— What the task asks —
Every line from the one with "Four Antique Hatpins" through the end of the material below, both ends included, should be transcribed exactly, without pictures.

— Input data —
Content starts
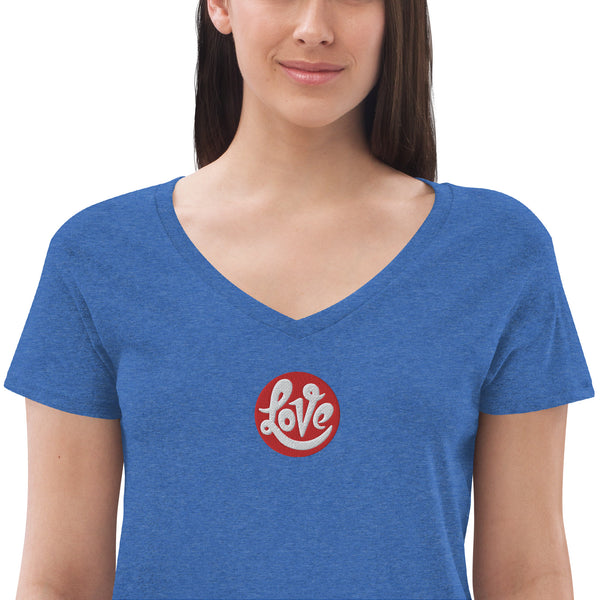 Women’s "Love" Embroidered V-neck T-shirt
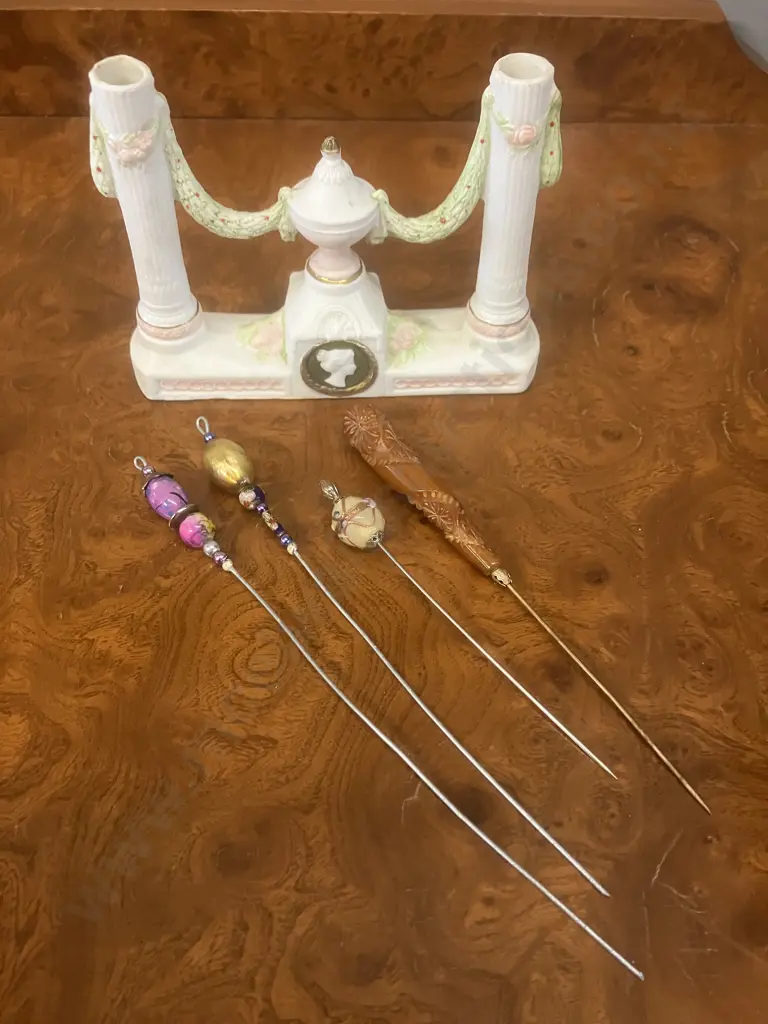 Four Antique Hatpins (One Amber) With Bisque Neoclassical Double Candlestick Image 1++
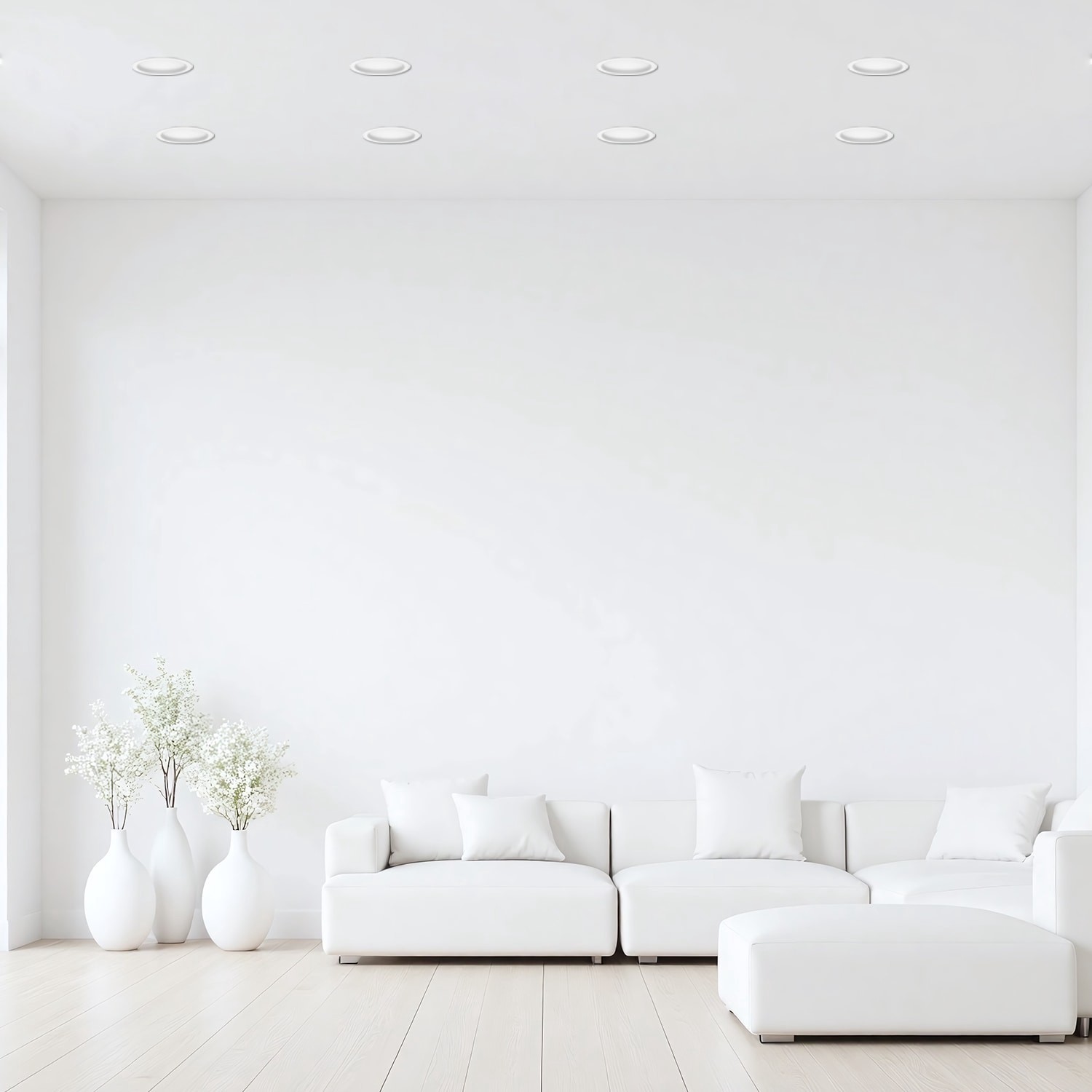 slide 4 of 6, Utilitech White 6-in 1250 -Lumens Switchable white Round Dimmable LED Wet rated Recessed Downlight, 1 ct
Content ends
— Answer space —
 Four Antique Hatpins (One Amber) With Bisque Neoclassical Double Candlestick Image 1++
 slide 4 of 6, Utilitech White 6-in 1250 -Lumens Switchable white Round Dimmable LED Wet rated Recessed Downlight, 1 ct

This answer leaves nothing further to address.